Por más alto que se quiera volar, por más que se dejen atrás todas las realidades, las opiniones que no nos gustan oír, por más que se quiera creer en fantasías, siempre (o casi siempre) llega el momento en el que miramos a nuestro alrededor y empezamos a darnos cuenta, empezamos a ver.
De repente se hace obvio cómo cambió todo: el cielo, las caras, los sonidos, las palabras, los silencios, el mundo, nosotros. O peor todavía, abrimos los ojos y vemos que el cambio sí era posible, que nada iba a quedar intacto con el paso del tiempo.
Empieza la caída, y da miedo. Da miedo mirar para abajo y más miedo da mirar para arriba y ver que lo dejamos atrás, lo único que teníamos, lo que nunca pasó.

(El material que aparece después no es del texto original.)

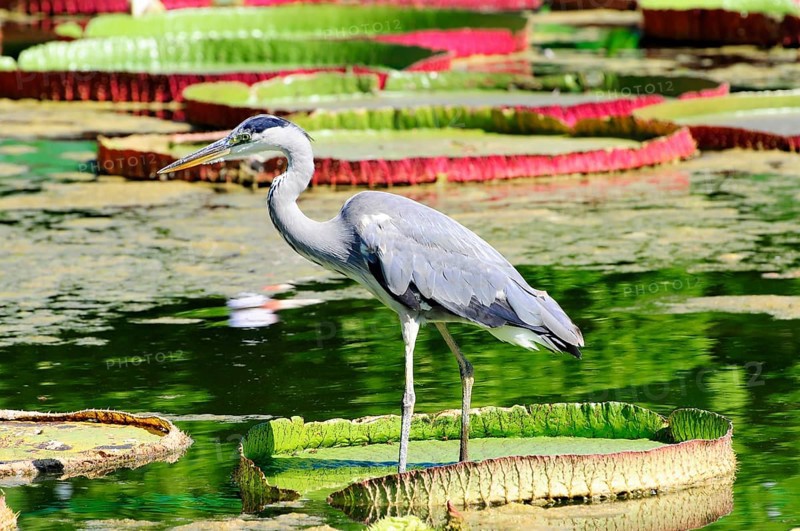 A grey heron (Ardea cinerea) captive, standing on water lily leaves in the water next to aquatic plants, Stuttgart, Baden-Württemberg, Germany, Europe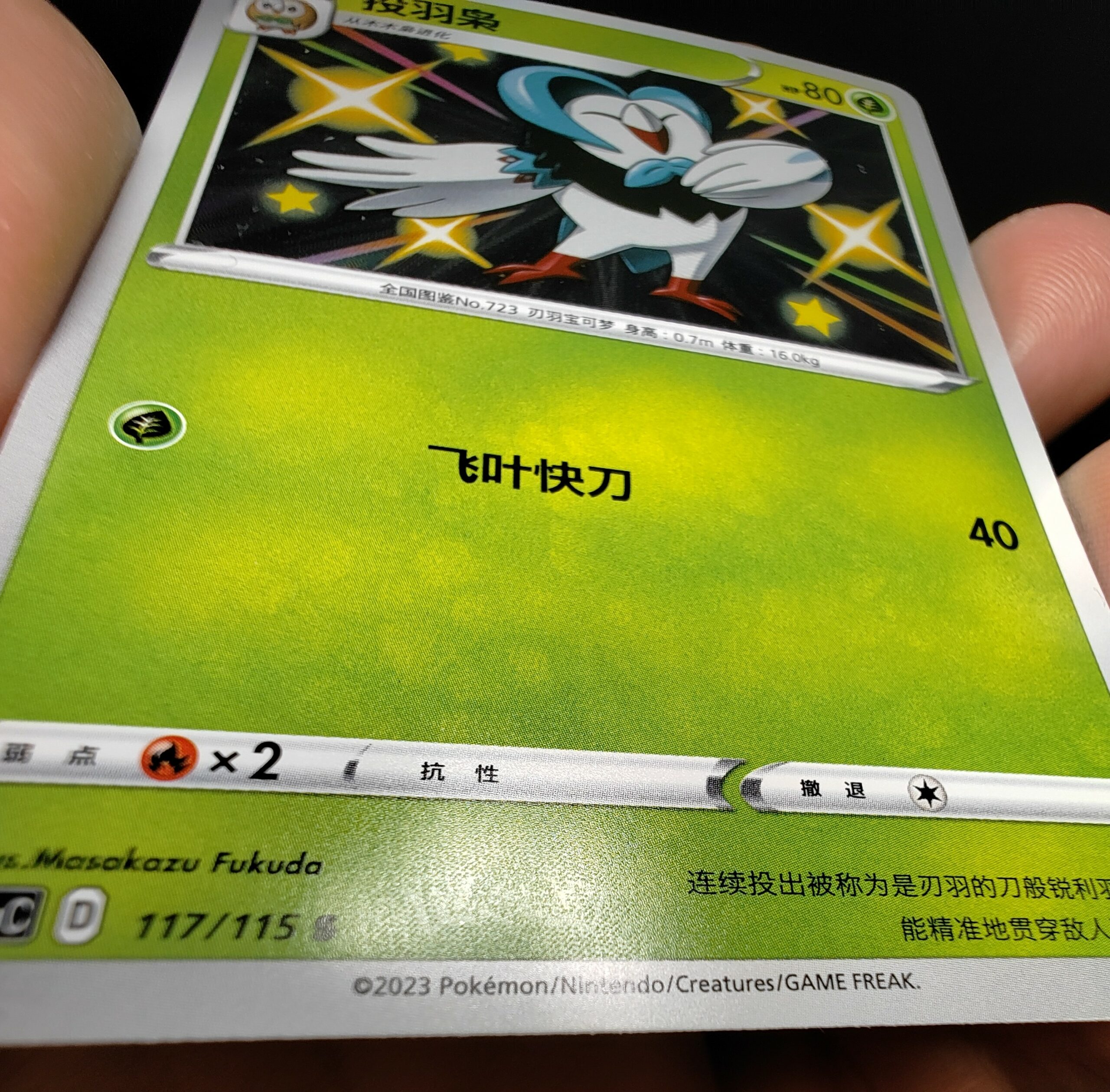 IMG 20250605 203728733 scaled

Se acerca el suelo, y apretamos los ojos y las manos intentando disminuir la intesidad del impacto y ahí es cuando en realidad despertamos:
No había cielo, nunca volamos. Siempre estuvimos ahí, pegados al suelo. Entonces no duele. En realidad, sólo a caída no duele... el dolor que se va a ocupar de torturarnos más tarde va a ser el de saber que nunca fuimos capaces de despegar. No nos cortaron las alas. Las alas nunca existieron.